When you refinance, you get a new mortgage to replace your existing mortgage. Because you're getting a brand new loan, you usually have to pay title insurance and escrow fees, lender fees, points (optional), appraisal fees, credit reporting fees, and any amounts needed to bring your insurance and tax obligations up to date.
Why Refinance?
Homeowners refinance for many different reasons, but here are some of the most common ones, all at play in today's real estate market.
Refinancing can save money by lowering your interest rate. If the interest rate on your current mortgage is higher than the current market rate, you'll pay less by refinancing.
Refinancing allows you to change loan types. For example, if you have an adjustable rate mortgage, your monthly payment may increase when the rate adjusts. You might want to switch to a fixed rate mortgage, which has a stable payment. (For more information on loan types, read Nolo's article Fixed Rate vs. Adjustable Rate Mortgages.)

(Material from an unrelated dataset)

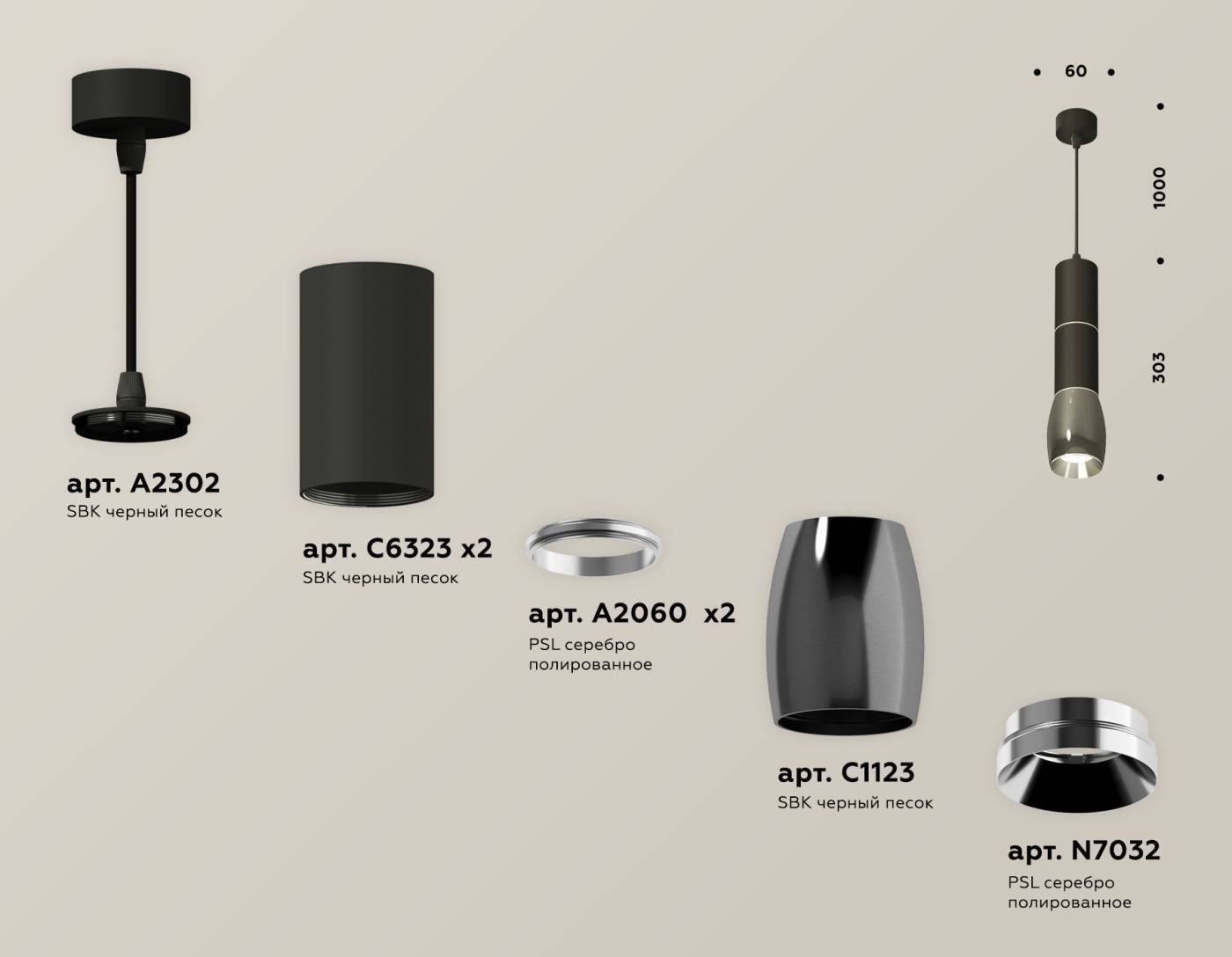 XP1123010 Светильник подвесной Ambrella Techno XP1123010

Refinancing can lower monthly payments. Even if your interest rate doesn't decrease, a refinance can lower your monthly payments by starting a new loan term. For example, if you took out a 30-year, fixed-rate mortgage for $300,000 ten years ago, you may only owe about $250,000 now. But if you refinance into another 30-year, fixed-rate mortgage for $250,000, you'd have a full 30 years to pay it off, which means each monthly payment will be smaller. (Had you kept your old loan, you'd finish paying it off in 20 years.) The downside of lowering your monthly payments is that you'll pay more interest overall.
Refinancing can help you get cash. With a "cash-out" refinance, you take out a new mortgage for more than you owe on your current mortgage, then walk away with the difference. A cash-out refinance is very hard to get these days, although many homeowners did cash-out refinances to finance home improvements in the past few years. (An alternative that's usually cheaper overall, but requires you to make higher monthly payments, is a home equity loan or home equity line of credit). To do a cash-out refinance, you need significant equity in your home, because the bank probably won't lend you more than the house is worth.
Who Can Refinance?
If you have sufficient equity, you can refinance. A new lender will consider the same factors your original lender did: your income, debt-to-income ratio (how much of your monthly income is spent paying off debts other than the mortgage), your home's value, how much equity you have in your home, and your credit score. If your income has been reduced since you purchased, your home's value has plummeted, you've assumed a lot of new debt, or your credit score has gone down, you may find it difficult to refinance, or you'll at least pay more to do so. (You wouldn't be the first person to get turned down on a refinance despite living in and successfully paying the monthly mortgage on a home.)
The lender will likely require you to have the house appraised. The purpose of the appraisal is to make sure that the value of your home is greater than the loan amount. If you default on the loan and the lender forecloses, it wants to know it can sell your house for more than the existing loan balance.
Special Challenges in Today's Buyers' Market
Refinancing days is much harder than it once was, for a few reasons. Many borrowers have difficulty refinancing because they have insufficient equity, mostly because the value of their property has dipped below what they owe on the mortgage. Compounding this problem is the fact that in recent years, lenders and mortgage brokers offered creative financing strategies that allowed buyers to finance 100% of the purchase price. In those situations, even if buyers have paid down the mortgage, they still have little equity. And lenders have become surprisingly strict about how much they'll lend, usually requiring refinancing homeowners to have at least 5-10% equity in the home.
Another problem is that lenders have made "stated income" loans all but unavailable. With stated income loans, borrowers didn't have to provide independent verification of their income. Instead, the amount they could borrow was based on the income they claimed to have (hence their nickname, "liar loans"). These were intended for people who had a hard time verifying income, such as the self-employed. But in recent years, borrowers used stated income loans to artificially inflate their income to qualify for bigger mortgages. Unless their income or equity have increased substantially, borrowers currently holding this type of loan will have a hard time qualifying for more traditional refinance mortgages for similar amounts.